■ **TASK STATEMENT**
With the line containing "Pink Silk Long" as the start and the line containing "GOLD HALF SET ROUND PLAIN GENERAL" as the end, transcribe that span of the entries below exactly, including both.

Dataset items:
[Start of Attachment]
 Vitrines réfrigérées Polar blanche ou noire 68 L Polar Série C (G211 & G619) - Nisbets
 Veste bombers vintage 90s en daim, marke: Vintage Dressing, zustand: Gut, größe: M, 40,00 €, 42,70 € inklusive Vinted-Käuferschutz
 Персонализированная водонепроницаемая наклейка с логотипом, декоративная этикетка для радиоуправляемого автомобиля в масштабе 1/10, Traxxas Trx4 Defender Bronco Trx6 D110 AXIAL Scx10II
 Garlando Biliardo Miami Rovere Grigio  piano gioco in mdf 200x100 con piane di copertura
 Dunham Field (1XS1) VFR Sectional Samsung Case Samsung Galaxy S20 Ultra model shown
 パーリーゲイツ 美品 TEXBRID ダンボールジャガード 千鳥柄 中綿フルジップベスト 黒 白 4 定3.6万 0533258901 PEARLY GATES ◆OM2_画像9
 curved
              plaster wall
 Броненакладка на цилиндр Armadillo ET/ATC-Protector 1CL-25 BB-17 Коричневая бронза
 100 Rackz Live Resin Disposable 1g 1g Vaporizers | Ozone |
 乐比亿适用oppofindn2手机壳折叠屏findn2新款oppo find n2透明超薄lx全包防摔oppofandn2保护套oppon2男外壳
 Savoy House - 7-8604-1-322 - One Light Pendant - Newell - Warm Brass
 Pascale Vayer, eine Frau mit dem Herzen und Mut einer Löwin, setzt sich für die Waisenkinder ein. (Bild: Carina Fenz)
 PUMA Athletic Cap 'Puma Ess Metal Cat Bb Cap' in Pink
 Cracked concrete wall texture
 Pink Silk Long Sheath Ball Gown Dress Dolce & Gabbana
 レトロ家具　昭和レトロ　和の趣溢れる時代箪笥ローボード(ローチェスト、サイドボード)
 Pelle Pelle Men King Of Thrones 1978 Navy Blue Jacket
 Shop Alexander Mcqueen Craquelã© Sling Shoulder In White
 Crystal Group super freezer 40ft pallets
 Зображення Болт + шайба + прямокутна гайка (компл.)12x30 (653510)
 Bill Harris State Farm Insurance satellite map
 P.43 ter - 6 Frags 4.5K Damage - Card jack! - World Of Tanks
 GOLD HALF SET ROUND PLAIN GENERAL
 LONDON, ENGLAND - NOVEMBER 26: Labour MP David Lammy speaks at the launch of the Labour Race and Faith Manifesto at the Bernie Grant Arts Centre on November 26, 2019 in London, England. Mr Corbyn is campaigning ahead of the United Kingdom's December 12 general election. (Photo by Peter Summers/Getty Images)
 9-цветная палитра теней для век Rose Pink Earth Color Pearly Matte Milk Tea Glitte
[End of Attachment]
■ **COMPLETED EXERCISE**
 Pink Silk Long Sheath Ball Gown Dress Dolce & Gabbana
 レトロ家具　昭和レトロ　和の趣溢れる時代箪笥ローボード(ローチェスト、サイドボード)
 Pelle Pelle Men King Of Thrones 1978 Navy Blue Jacket
 Shop Alexander Mcqueen Craquelã© Sling Shoulder In White
 Crystal Group super freezer 40ft pallets
 Зображення Болт + шайба + прямокутна гайка (компл.)12x30 (653510)
 Bill Harris State Farm Insurance satellite map
 P.43 ter - 6 Frags 4.5K Damage - Card jack! - World Of Tanks
 GOLD HALF SET ROUND PLAIN GENERAL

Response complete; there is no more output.